▸ **Exercise directions**
Take the lines below from the first through the one that contains "5th image of 13 Hillside Pl" and copy them exactly.

◇ ◇ ◇

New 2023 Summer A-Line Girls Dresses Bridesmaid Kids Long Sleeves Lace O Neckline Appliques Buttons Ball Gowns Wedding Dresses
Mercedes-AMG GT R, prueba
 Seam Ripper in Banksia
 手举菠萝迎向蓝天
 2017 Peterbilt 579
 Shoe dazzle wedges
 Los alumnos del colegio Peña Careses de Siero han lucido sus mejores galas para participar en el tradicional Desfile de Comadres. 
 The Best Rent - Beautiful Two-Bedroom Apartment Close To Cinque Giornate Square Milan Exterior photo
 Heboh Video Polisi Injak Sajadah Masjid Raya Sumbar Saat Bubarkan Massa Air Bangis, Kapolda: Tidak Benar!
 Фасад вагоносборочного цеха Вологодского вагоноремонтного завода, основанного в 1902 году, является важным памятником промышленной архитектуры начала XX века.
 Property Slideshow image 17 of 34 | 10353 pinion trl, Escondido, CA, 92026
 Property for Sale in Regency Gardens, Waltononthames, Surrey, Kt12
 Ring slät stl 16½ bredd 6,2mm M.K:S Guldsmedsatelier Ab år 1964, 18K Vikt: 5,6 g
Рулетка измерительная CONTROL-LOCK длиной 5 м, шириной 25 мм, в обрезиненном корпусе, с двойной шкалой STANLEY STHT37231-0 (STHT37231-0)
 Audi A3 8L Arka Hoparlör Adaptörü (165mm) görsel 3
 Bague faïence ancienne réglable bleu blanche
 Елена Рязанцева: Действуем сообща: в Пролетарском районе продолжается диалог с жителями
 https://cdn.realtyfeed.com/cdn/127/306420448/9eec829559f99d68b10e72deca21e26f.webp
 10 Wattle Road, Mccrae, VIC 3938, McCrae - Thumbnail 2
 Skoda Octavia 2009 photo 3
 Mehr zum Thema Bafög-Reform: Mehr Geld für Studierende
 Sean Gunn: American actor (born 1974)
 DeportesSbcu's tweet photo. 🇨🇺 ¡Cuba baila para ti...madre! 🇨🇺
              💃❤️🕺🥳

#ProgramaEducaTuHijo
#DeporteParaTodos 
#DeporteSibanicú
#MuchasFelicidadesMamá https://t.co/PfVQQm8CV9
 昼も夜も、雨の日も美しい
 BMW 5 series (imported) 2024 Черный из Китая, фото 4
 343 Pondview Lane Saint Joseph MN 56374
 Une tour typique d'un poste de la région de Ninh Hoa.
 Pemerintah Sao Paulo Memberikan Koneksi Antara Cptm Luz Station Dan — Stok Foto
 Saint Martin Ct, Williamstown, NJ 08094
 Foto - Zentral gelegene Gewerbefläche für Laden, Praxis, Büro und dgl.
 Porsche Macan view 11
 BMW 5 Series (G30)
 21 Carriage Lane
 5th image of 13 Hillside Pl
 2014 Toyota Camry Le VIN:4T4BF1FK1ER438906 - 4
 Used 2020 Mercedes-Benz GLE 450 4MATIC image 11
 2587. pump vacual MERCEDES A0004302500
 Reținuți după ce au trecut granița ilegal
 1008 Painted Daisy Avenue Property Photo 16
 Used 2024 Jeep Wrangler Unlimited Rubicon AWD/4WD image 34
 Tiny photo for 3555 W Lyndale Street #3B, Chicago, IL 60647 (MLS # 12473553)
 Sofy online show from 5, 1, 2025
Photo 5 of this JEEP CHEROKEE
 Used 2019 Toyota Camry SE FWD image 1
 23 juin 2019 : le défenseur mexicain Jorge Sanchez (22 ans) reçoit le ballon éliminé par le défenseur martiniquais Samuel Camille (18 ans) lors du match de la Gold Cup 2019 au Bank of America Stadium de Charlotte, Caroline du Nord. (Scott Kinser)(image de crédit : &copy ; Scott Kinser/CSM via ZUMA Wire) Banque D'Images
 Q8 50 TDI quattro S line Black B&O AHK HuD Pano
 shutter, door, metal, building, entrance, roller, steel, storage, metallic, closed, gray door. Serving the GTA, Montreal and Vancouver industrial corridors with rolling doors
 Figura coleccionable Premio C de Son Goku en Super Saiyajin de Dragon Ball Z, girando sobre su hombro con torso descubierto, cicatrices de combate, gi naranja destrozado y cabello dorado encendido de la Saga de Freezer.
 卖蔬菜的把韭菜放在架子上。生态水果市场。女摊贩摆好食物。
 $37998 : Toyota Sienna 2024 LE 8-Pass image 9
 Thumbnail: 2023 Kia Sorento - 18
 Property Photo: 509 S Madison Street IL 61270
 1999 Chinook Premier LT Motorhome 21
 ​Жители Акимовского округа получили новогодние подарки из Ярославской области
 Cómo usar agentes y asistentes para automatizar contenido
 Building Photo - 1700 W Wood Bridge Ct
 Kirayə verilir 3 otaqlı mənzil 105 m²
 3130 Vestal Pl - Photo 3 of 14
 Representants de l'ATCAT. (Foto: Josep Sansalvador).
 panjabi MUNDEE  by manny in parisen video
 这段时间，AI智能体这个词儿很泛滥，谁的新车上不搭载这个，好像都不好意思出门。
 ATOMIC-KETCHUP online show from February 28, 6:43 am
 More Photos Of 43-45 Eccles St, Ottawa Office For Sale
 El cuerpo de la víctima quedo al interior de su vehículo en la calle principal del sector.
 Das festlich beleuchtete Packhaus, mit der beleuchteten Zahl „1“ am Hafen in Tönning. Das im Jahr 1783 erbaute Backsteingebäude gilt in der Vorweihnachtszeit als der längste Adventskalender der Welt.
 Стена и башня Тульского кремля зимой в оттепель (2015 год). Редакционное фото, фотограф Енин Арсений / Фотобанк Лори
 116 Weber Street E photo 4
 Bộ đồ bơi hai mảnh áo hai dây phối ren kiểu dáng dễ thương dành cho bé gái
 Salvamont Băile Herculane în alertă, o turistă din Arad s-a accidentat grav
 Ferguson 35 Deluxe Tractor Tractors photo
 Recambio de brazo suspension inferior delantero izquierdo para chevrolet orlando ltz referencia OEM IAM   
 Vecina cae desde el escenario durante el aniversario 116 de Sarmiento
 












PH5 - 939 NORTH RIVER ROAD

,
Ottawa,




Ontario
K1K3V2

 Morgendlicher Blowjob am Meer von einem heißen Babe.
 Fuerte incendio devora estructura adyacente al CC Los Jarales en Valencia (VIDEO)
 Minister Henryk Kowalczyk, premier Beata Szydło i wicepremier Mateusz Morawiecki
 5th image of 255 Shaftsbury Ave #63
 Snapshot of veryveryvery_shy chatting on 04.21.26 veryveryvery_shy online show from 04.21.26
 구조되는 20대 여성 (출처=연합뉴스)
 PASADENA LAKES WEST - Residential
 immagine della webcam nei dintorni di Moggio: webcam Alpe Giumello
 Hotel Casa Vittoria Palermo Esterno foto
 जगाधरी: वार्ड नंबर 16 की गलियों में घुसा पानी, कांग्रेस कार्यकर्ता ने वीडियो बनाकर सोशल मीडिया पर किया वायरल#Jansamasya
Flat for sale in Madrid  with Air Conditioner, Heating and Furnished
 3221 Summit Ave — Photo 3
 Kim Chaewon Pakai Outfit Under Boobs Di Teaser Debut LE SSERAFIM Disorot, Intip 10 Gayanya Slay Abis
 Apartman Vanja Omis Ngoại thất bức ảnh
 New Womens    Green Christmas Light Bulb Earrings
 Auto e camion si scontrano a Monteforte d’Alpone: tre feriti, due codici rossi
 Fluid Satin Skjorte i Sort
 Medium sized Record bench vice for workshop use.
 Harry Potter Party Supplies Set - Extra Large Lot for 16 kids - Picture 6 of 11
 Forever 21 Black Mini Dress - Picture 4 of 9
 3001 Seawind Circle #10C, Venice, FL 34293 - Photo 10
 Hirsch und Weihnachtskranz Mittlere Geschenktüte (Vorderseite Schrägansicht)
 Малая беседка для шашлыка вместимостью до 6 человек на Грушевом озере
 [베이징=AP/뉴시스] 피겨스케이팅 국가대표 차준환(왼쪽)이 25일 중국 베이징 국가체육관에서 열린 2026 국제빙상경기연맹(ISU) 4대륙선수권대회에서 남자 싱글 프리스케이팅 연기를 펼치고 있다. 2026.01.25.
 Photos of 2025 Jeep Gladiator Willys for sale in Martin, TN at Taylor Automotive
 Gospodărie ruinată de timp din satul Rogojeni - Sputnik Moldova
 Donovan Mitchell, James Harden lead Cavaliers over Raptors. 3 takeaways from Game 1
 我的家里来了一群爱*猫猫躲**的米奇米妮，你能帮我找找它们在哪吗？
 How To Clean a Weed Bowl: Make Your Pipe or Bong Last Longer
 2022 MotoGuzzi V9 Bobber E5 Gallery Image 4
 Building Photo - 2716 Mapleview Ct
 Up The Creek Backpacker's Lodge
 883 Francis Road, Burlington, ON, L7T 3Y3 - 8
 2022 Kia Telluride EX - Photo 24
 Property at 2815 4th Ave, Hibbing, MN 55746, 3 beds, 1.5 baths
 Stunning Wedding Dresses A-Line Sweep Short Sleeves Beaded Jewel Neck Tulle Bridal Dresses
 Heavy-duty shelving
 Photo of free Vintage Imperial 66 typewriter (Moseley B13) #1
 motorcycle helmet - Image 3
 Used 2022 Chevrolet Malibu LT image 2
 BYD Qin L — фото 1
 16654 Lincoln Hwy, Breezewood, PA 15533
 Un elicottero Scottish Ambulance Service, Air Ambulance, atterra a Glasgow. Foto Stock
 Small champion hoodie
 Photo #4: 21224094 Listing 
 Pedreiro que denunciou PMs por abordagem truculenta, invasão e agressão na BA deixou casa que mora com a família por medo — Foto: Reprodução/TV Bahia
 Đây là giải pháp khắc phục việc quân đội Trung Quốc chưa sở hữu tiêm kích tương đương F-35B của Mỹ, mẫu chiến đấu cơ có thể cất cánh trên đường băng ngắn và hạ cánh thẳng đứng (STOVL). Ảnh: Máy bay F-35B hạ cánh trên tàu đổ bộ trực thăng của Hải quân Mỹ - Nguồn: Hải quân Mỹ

◇ ◇ ◇

▸ **Solution to the problem**
New 2023 Summer A-Line Girls Dresses Bridesmaid Kids Long Sleeves Lace O Neckline Appliques Buttons Ball Gowns Wedding Dresses
Mercedes-AMG GT R, prueba
 Seam Ripper in Banksia
 手举菠萝迎向蓝天
 2017 Peterbilt 579
 Shoe dazzle wedges
 Los alumnos del colegio Peña Careses de Siero han lucido sus mejores galas para participar en el tradicional Desfile de Comadres. 
 The Best Rent - Beautiful Two-Bedroom Apartment Close To Cinque Giornate Square Milan Exterior photo
 Heboh Video Polisi Injak Sajadah Masjid Raya Sumbar Saat Bubarkan Massa Air Bangis, Kapolda: Tidak Benar!
 Фасад вагоносборочного цеха Вологодского вагоноремонтного завода, основанного в 1902 году, является важным памятником промышленной архитектуры начала XX века.
 Property Slideshow image 17 of 34 | 10353 pinion trl, Escondido, CA, 92026
 Property for Sale in Regency Gardens, Waltononthames, Surrey, Kt12
 Ring slät stl 16½ bredd 6,2mm M.K:S Guldsmedsatelier Ab år 1964, 18K Vikt: 5,6 g
Рулетка измерительная CONTROL-LOCK длиной 5 м, шириной 25 мм, в обрезиненном корпусе, с двойной шкалой STANLEY STHT37231-0 (STHT37231-0)
 Audi A3 8L Arka Hoparlör Adaptörü (165mm) görsel 3
 Bague faïence ancienne réglable bleu blanche
 Елена Рязанцева: Действуем сообща: в Пролетарском районе продолжается диалог с жителями
 https://cdn.realtyfeed.com/cdn/127/306420448/9eec829559f99d68b10e72deca21e26f.webp
 10 Wattle Road, Mccrae, VIC 3938, McCrae - Thumbnail 2
 Skoda Octavia 2009 photo 3
 Mehr zum Thema Bafög-Reform: Mehr Geld für Studierende
 Sean Gunn: American actor (born 1974)
 DeportesSbcu's tweet photo. 🇨🇺 ¡Cuba baila para ti...madre! 🇨🇺
              💃❤️🕺🥳

#ProgramaEducaTuHijo
#DeporteParaTodos 
#DeporteSibanicú
#MuchasFelicidadesMamá https://t.co/PfVQQm8CV9
 昼も夜も、雨の日も美しい
 BMW 5 series (imported) 2024 Черный из Китая, фото 4
 343 Pondview Lane Saint Joseph MN 56374
 Une tour typique d'un poste de la région de Ninh Hoa.
 Pemerintah Sao Paulo Memberikan Koneksi Antara Cptm Luz Station Dan — Stok Foto
 Saint Martin Ct, Williamstown, NJ 08094
 Foto - Zentral gelegene Gewerbefläche für Laden, Praxis, Büro und dgl.
 Porsche Macan view 11
 BMW 5 Series (G30)
 21 Carriage Lane
 5th image of 13 Hillside Pl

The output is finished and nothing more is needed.